Sometimes one version will patch up the background after removing an object, while the other will substitute the unwanted object with another similar-looking structure that fits into the background. Google’s tool provides a few options to choose from when providing the result, while Samsung only provides one, but watermarks the new photo to clarify that it was altered using Generative Edit.
Of all the Galaxy AI features, there are two that impressed me the most: language translation and Circle to Search. While apps like Google Translate have existed for years, having translation built into the keyboard and phone app makes the whole process feel more natural.

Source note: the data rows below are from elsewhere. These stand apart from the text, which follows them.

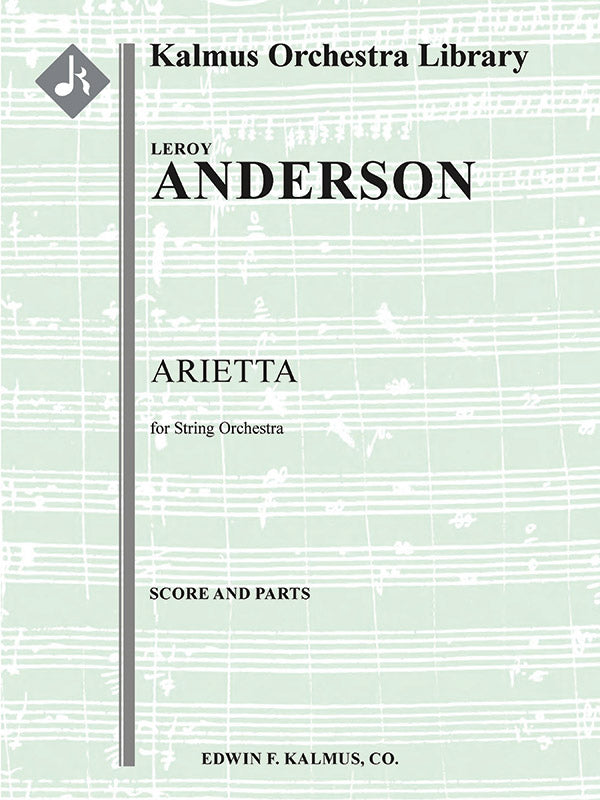 Anderson: Arietta
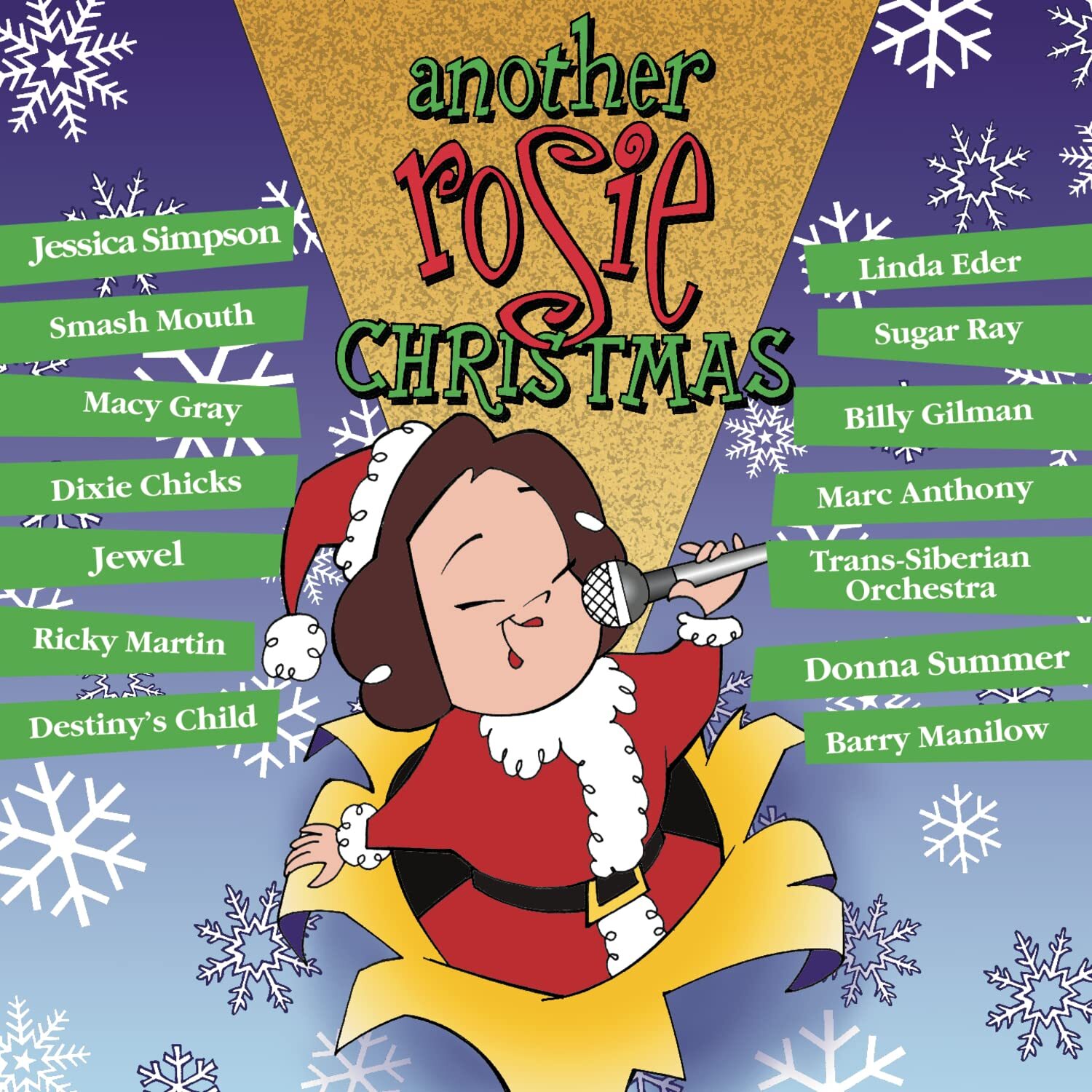 Rosie O'Donnell Another Rosie Christmas (CD)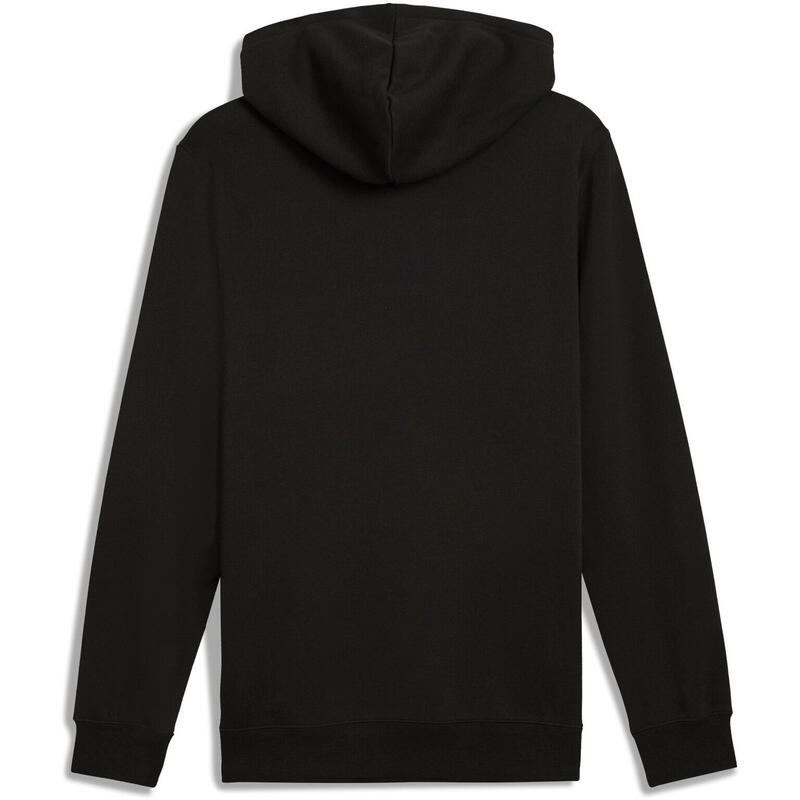 Hanorac barbati Puma Ess Block Hoodie Fl, Negru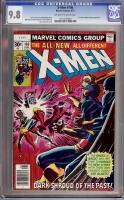 X-Men #106 CGC 9.8 ow/w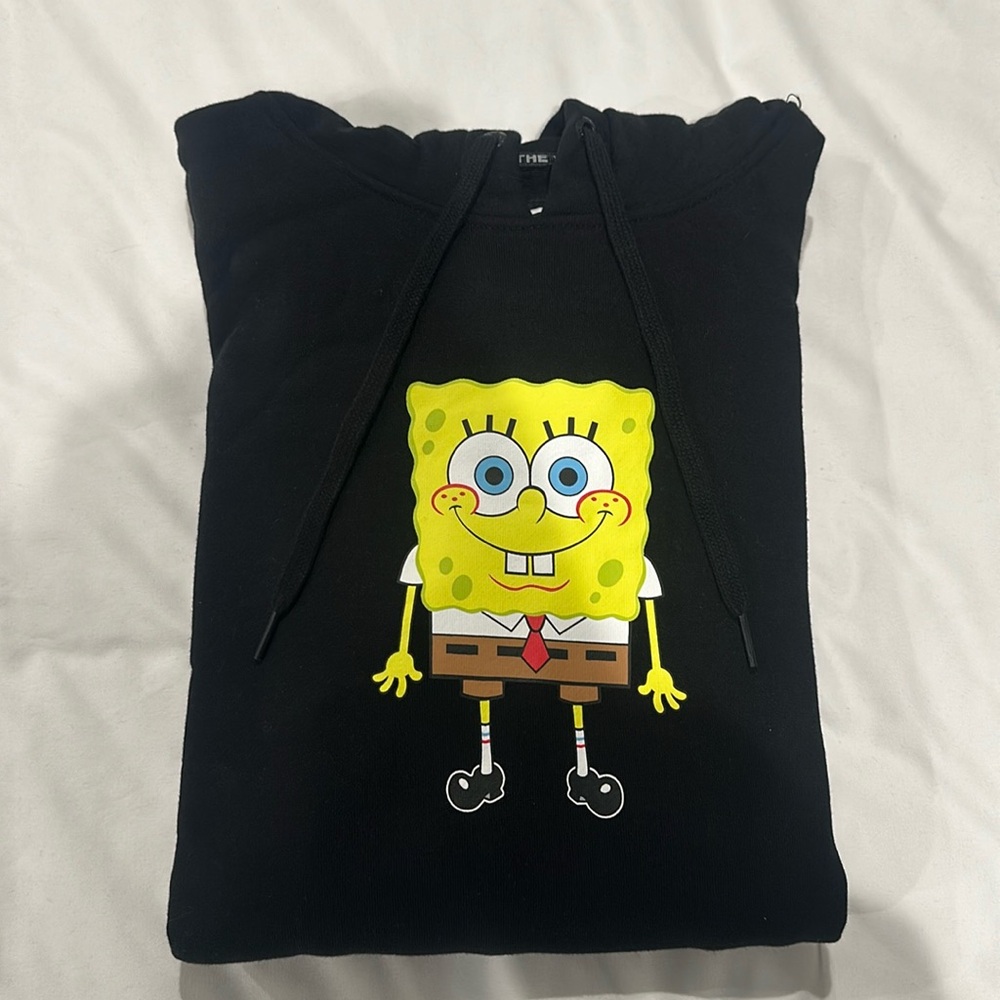 🩵 vans x spongebob sweater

In addition to the French example I mentioned earlier, I used Samsung’s translation features to text with a coworker who speaks Korean. As soon as she sent me a text in Korean, a prompt to translate the message to English appeared in the Messages app. I typed my response in English in a separate text box below the messaging field, and within seconds my words, translated into Korean, appeared in the message box.
Features like these could be extremely useful for anyone who travels a lot, has family members who speak a different language or that frequently work with colleagues or clients in different parts of the world.

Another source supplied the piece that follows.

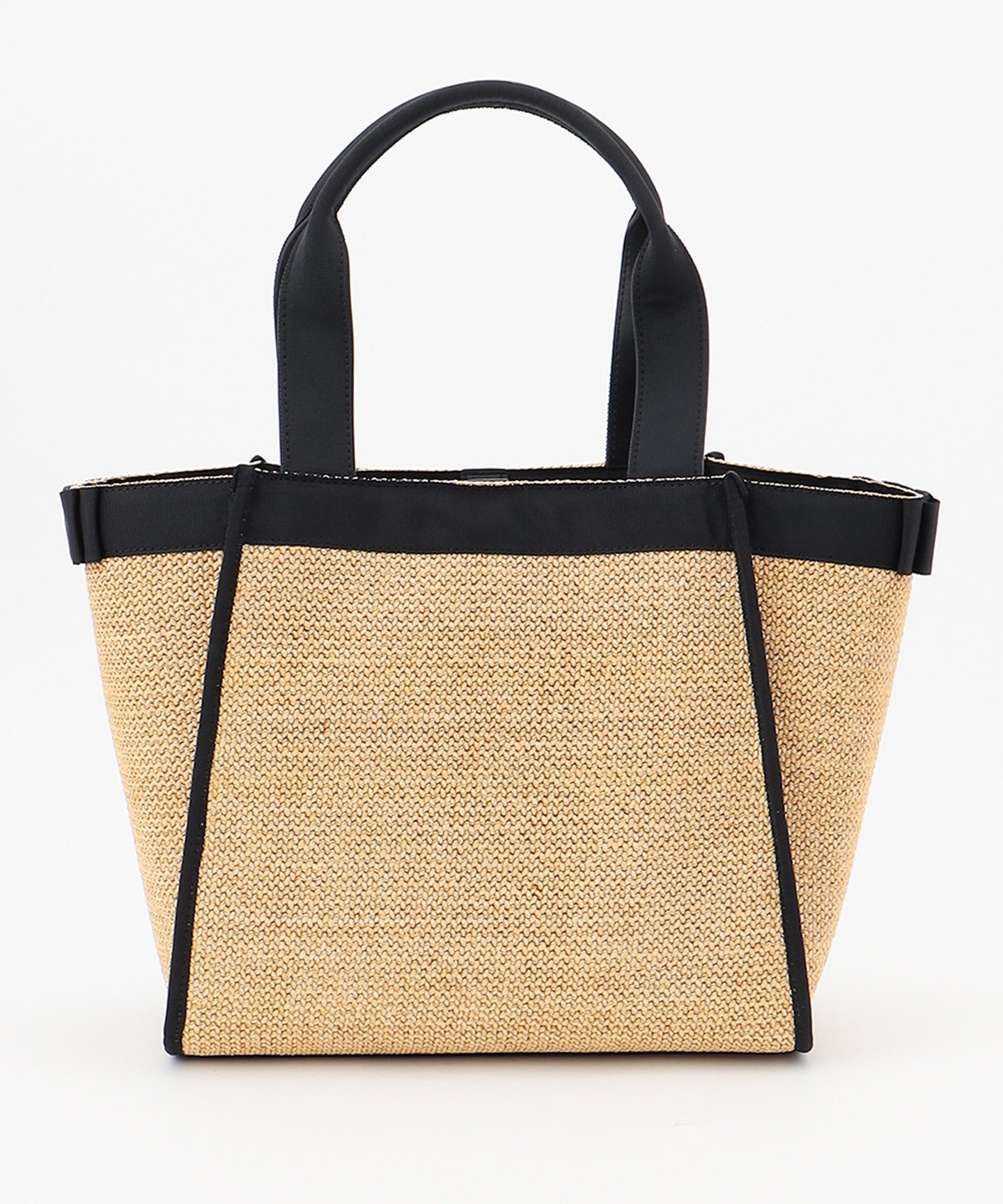 Riu ショルダー Ribbon rattan basket bag かごバッグ - かごバッグ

Circle to Search is another practical tool that has the potential to make certain tasks more convenient by preventing the need to switch between apps as often. It’s self explanatory; just circle an object on screen that you’d like to learn more about, and the Galaxy S24 will launch a Google search for that item or location.
I have to admit, it’s hard to fight the instinct to open Chrome or the Google app and just type in my search query the traditional way. But Circle to Search works impressively well so far. I circled images of pesto pasta in my Instagram feed to find recipes and nearby restaurants. Circling a photo of a dress that I liked in my Instagram feed also pulled up similar pieces. Dragging my finger around characters from an animated TV series I recently finished watching resulted in news stories and YouTube videos about those characters, although Google warns that search results for actual people may be limited.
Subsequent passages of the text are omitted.